-- Opening Marker --
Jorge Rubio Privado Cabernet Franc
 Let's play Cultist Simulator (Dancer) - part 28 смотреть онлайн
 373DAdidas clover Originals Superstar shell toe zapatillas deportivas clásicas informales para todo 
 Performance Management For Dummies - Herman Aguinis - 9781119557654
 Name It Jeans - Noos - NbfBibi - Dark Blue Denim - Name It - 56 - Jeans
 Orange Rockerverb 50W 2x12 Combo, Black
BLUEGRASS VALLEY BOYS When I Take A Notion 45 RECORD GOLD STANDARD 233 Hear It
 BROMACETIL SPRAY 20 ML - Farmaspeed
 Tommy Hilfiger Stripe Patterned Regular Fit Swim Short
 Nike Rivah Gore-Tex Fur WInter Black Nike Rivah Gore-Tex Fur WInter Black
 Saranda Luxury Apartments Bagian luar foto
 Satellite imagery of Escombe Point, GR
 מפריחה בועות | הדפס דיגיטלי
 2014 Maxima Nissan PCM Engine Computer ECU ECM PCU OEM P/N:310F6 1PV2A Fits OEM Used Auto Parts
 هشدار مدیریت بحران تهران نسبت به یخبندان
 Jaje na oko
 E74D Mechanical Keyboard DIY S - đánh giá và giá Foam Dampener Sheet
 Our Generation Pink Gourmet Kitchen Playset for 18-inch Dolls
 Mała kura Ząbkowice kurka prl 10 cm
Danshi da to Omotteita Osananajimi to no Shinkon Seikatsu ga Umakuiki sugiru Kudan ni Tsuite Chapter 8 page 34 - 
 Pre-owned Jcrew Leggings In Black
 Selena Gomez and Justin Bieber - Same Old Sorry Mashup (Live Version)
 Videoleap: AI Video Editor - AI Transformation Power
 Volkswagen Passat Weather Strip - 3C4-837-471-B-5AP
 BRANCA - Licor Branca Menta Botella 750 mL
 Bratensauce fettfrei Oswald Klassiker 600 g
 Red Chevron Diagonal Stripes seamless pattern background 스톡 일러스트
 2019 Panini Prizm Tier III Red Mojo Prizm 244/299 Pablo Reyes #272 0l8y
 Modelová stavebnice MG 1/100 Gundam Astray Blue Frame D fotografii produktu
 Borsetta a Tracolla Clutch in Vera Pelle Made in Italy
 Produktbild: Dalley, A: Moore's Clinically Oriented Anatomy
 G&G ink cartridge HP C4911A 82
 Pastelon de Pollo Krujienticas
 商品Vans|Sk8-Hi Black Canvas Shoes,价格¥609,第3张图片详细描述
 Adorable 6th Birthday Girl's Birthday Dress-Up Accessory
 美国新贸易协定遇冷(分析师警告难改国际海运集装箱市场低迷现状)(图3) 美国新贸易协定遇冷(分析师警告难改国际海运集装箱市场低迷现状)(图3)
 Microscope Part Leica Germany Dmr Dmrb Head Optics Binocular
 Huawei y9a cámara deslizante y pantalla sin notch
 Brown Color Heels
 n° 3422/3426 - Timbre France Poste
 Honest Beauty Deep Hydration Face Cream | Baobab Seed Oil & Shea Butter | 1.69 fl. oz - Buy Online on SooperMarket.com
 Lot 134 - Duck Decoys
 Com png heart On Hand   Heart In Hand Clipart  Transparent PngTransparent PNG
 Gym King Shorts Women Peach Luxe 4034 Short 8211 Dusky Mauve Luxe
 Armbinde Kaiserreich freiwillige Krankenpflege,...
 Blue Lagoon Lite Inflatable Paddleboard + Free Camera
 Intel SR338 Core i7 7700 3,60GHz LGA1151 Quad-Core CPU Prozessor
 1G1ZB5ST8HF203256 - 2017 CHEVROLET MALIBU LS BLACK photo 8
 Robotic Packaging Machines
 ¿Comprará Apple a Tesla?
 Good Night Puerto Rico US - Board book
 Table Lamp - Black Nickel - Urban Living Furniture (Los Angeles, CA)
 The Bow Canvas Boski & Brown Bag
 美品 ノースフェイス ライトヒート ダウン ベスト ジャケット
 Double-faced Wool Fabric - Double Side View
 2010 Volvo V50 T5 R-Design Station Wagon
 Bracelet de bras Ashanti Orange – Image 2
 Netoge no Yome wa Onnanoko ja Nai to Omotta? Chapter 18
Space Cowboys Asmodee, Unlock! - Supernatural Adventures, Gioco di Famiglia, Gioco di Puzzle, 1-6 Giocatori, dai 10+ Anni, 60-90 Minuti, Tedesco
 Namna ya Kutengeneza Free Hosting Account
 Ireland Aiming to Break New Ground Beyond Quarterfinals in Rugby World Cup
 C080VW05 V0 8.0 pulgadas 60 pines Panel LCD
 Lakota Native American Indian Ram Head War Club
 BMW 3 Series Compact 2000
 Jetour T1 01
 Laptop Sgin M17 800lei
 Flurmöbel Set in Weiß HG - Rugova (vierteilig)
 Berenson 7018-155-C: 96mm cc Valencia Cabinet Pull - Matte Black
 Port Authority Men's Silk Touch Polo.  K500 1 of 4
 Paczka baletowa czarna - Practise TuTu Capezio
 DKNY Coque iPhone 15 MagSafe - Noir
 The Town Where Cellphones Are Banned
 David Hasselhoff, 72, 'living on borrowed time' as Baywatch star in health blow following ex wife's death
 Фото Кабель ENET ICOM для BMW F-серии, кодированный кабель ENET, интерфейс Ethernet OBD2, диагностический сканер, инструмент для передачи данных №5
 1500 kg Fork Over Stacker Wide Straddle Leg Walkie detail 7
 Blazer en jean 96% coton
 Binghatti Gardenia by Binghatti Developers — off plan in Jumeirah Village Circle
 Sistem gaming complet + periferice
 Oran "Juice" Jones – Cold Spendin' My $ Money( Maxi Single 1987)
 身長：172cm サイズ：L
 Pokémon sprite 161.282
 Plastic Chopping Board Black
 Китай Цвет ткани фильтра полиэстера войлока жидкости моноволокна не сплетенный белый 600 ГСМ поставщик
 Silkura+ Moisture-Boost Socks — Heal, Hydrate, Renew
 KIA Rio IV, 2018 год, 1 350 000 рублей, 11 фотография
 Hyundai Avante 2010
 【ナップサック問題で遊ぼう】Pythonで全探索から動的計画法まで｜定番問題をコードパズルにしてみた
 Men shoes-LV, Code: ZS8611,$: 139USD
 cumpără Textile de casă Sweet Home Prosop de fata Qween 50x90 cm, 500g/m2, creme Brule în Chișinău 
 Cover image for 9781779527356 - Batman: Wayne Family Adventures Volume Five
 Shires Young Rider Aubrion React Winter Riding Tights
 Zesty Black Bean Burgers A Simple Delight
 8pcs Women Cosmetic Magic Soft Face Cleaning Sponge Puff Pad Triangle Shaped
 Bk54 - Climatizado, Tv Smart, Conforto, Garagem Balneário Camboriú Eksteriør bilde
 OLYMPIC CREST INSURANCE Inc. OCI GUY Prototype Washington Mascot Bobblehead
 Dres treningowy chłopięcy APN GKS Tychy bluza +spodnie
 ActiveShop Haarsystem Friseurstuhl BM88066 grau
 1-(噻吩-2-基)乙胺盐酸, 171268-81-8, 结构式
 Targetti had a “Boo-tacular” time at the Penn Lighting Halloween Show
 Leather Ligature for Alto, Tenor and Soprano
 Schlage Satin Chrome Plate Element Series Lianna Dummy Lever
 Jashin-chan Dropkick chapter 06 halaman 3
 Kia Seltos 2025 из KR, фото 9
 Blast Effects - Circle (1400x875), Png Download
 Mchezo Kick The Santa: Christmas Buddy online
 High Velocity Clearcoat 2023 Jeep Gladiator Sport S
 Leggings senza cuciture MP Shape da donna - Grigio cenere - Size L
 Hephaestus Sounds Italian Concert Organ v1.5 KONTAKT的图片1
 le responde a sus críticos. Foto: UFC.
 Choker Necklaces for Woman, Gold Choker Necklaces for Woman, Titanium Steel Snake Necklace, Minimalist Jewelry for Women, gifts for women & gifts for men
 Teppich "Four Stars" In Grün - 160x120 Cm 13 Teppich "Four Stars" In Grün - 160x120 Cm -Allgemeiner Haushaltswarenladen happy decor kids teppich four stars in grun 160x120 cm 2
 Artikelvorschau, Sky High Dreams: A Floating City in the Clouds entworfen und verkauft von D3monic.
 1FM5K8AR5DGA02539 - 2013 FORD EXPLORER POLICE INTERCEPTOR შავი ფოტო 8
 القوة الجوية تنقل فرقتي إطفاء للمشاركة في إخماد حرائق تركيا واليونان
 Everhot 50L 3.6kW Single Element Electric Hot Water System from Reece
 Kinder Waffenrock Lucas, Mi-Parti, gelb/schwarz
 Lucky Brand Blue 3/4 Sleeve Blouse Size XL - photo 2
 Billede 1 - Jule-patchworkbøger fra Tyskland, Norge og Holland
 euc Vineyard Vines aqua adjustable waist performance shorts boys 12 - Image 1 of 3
-- Closing Marker --
YOUR GOAL: Beginning at the top of the data, extract each line through the line containing "מפריחה בועות | הדפס דיגיטלי" and return those lines exactly, with nothing added.

EXPECTED ANSWER:
Jorge Rubio Privado Cabernet Franc
 Let's play Cultist Simulator (Dancer) - part 28 смотреть онлайн
 373DAdidas clover Originals Superstar shell toe zapatillas deportivas clásicas informales para todo 
 Performance Management For Dummies - Herman Aguinis - 9781119557654
 Name It Jeans - Noos - NbfBibi - Dark Blue Denim - Name It - 56 - Jeans
 Orange Rockerverb 50W 2x12 Combo, Black
BLUEGRASS VALLEY BOYS When I Take A Notion 45 RECORD GOLD STANDARD 233 Hear It
 BROMACETIL SPRAY 20 ML - Farmaspeed
 Tommy Hilfiger Stripe Patterned Regular Fit Swim Short
 Nike Rivah Gore-Tex Fur WInter Black Nike Rivah Gore-Tex Fur WInter Black
 Saranda Luxury Apartments Bagian luar foto
 Satellite imagery of Escombe Point, GR
 מפריחה בועות | הדפס דיגיטלי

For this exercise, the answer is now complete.